8. E' fatto obbligo ai
collaboratori scolastici di prendere visione delle mappe di evacuazione dei
locali e di controllare quotidianamente la praticabilità ed efficienza delle
vie di esodo.
CAPO V
SICUREZZA
Art. 20
Norme generali di
comportamento del personale
1. Tenere un contegno
corretto e responsabile, astenendosi dal compiere atti che possano distrarre
o arrecare danno ai colleghi di lavoro;
2. Attenersi
scrupolosamente alle disposizioni ricevute dal proprio superiore;
3. Osservare
scrupolosamente tutte le prescrizioni in materia di sicurezza ed igiene
richiamate da specifici cartelli o indicate dai propri superiori;
4. Non usare macchine,
impianti ed attrezzature senza autorizzazione;
5. Non eseguire operazioni
o manovre non di propria competenza, o di cui non si è a perfetta
conoscenza: in casi dubbi occorre rivolgersi al proprio superiore;
6. Per accedere agli
scaffali alti o a strutture sopraelevate, utilizzare le apposite scale. E'
opportuno, per le scale doppie, assicurarsi, prima di salirvi, che i tiranti
o le catenelle siano in tensione. Non utilizzare tali scale come scale
semplici appoggiandole a muro né spostarle quando su di esse vi sono delle
persone;
7. Non rimuovere gli
estintori dalla posizione segnalata;
8. Depositare i materiali
nelle zone prestabilite e comunque in modo da non ingombrare, ostacolare e/o
impedire, anche solo parzialmente l'accesso alle uscite di sicurezza, al
transito sulle vie di fuga (corridoi, scale di sicurezza, ecc...), in
prossimità di mezzi ed impianti atti ad intervenire sugli incendi, ed in
generale la normale circolazione;
9. Ogni contenitore deve
riportare l'etichetta con l'indicazione ben leggibile del contenuto;
10. Non utilizzare
bottiglie di bevande per il contenimento di altri liquidi, né abbandonare
quelle vuote sul posto di lavoro;
11. Segnalare
tempestivamente al fiduciario di plesso ogni eventuale anomalia o condizione
di pericolo rilevata;
12. In caso di infortunio, riferire al più presto ed
esattamente ai Dirigente sulle circostanze dell'evento;
13. Se viene usato il
materiale della cassetta di pronto soccorso ripristinare la scorta;
14. Non circolare né
sostare nei sottopiani, cavedi, ecc., degli edifici salvo giustificato
motivo di lavoro e previa autorizzazione dei superiori.

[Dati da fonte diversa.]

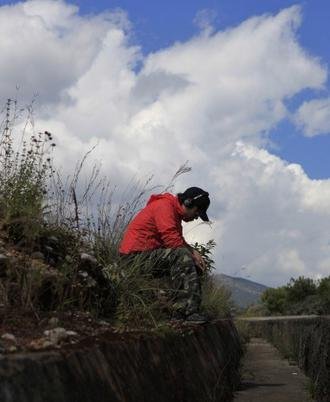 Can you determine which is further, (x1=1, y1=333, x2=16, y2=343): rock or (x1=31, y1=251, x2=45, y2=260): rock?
(x1=31, y1=251, x2=45, y2=260): rock

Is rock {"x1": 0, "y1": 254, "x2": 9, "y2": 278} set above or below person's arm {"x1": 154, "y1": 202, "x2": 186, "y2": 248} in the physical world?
below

Non accedere nelle
zone o nei locali in cui vige il divieto di ingresso ai non autorizzati;
15. Mantenere pulito ed in
ordine il proprio posto di lavoro;
16. Disporre in modo
ordinato, stabile e razionale gli attrezzi di uso comune;
17. Adoperare gli attrezzi
solamente per l'uso cui sono destinati e nel modo più idoneo evitando l'uso
di mezzi di fortuna o di attrezzi diversi da quelli predisposti o di
apportare agli stessi modifiche di qualsiasi genere;
18. Mantenere i
videoterminali nella posizione definita secondo i principi dell'ergonomia
delle norme di legge e di buona tecnica. Qualsiasi variazione che si
rendesse necessaria deve essere concordata con il proprio responsabile;
19. In caso di movimentazione manuale di materiali
(risme di carta, dossier, ecc:) mantenere la schiena eretta e le braccia
rigide, facendo sopportare lo sforzo principalmente dai muscoli delle gambe.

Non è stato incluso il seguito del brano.